South African seafood restaurant chain

Ocean Basket is a South African seafood restaurant franchise. As of 2026, the chain operates over 200 locations across 16 countries. Of those restaurants, 125 are in South Africa.

== History ==

Ocean Basket was founded in 1995 by brothers Peter and George Lazarides, and opened its first restaurant in Pretoria, Gauteng.

The group expanded internationally in 2008, by opening its first restaurant in Cyprus.

In 2014, Ocean Basket opened its first restaurant in Greece. After Cyprus, this became the company's second European country of operation. The company was also preparing to open its first store in Kenya. At the time, the group said it was interested in opening stores in Angola, Egypt, Amman, Qatar, and Kuwait.
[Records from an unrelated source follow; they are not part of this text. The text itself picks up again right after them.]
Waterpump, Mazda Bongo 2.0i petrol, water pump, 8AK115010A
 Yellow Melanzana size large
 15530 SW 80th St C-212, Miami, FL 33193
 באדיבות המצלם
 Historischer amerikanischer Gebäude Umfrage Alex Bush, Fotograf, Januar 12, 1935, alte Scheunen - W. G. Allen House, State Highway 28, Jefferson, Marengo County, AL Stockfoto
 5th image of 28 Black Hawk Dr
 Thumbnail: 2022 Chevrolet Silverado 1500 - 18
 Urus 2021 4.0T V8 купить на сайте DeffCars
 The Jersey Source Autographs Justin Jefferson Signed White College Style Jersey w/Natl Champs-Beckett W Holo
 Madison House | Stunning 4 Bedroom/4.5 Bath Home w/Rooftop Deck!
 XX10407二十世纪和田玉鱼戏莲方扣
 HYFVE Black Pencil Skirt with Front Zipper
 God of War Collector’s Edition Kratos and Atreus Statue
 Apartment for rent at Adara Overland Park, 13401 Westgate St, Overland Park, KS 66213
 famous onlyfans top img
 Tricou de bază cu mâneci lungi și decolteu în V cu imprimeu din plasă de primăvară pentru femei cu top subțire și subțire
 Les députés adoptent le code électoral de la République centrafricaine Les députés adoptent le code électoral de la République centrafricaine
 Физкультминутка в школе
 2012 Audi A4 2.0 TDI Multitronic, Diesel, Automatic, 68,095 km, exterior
In May 2016, Ocean Basket began rebranding its corporate identity, including its logo, decor, and menu.

In 2018, the group had 205 outlets across 18 countries, with 33 restaurants situated outside South Africa. Of those, 95% were franchised, with the remainder being company-owned.

In March 2026, the company stated in a media interview that it was exploring opening restaurants in numerous new markets, including Romania, Poland, Bulgaria, Croatia, Singapore, Thailand, Malaysia, Vietnam, and the Philippines.

In June 2026, Ocean Basket launched a mobile platform to facilitate digital ordering, as well as the company's new loyalty program, OB Rewards.

== Operations ==

The company operates using a hybrid model, where some of its stores are franchised, while others are corporate-owned. Its franchises are administered by Ocean Basket Franchise Company (Pty) Ltd.

As of mid-2026, Ocean Basket has over 200 outlets across 16 countries. 125 of those are located in South Africa, with most being in Gauteng.

The company follows a localization strategy, tailoring its menu, decor, and overall restaurant atmosphere to preferences in the various markets in which it operates.